Prognostic and predictive role of COX-2, XRCC1 and RASSF1 expression in patients with esophageal squamous cell carcinoma receiving radiotherapy.

Identification of biomarkers for predicting radiosensitivity would be useful for administering individualized radiotherapy (RT) to patients with esophageal cancer. The aim of the present study was to evaluate the association between cyclooxygenase-2 (COX-2), X-ray repair cross complementing group 1 (XRCC1), ras association domain family 1 (RASSF1) protein expression, clinicopathological characteristics, radiosensitivity and survival rate in 76 patients with esophageal squamous cell carcinoma (ESCC) who were treated with RT. Positive expression of COX-2, XRCC1 and RASSF1 was identified by immunohistochemistry in 81.6, 52.6 and 59.2% of ESCC cases, respectively.

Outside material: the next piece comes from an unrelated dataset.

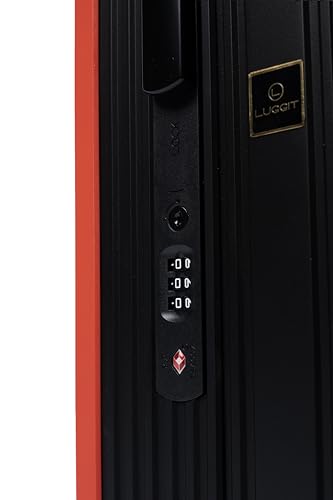 Image of Dual Tone Trolley Bag Medium -Premium Plus | Polycarbonate Hardshell Luggage with TSA Lock | 360 Spinner Wheels & Wide Telescopic Handle |Tough Bag (Red and Black, 24)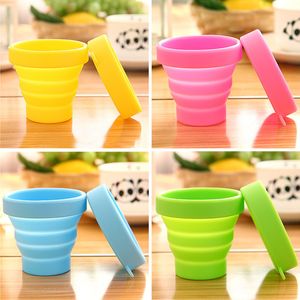 BPA FREE Tumblers Disposable Silicone Collapsible Travel Cups Portable Folding Camping Cup With Lids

Negative COX-2 expression was associated with tumor (T) stage, node (N) stage, clinical stage and complete response (P<0.05), but not with gender, age, tumor location, differentiation degree, lesion length, progression-free survival (PFS) or overall survival (OS; P>0.05). XRCC1 expression was not associated with the clinicopathological features of ESCC, response to RT, PFS or OS. Positive RASSF1 expression was associated with the clinical stage, response to RT, PFS and OS (P<0.05), but not with gender, age, tumor location, T stage, N stage, differentiation degree or the lesion length (P>0.05). In the subgroup analysis, RASSF1 positive/XRCC1 negative expression was correlated with a longer median OS and PFS (P<0.05). Multivariate analyses revealed that the tumor response and RASSF1 expression were significant prognostic factors. Therefore, positive RASSF1 expression is associated with ESCC RT sensitivity, and may be a useful independent prognostic factor for ESCC.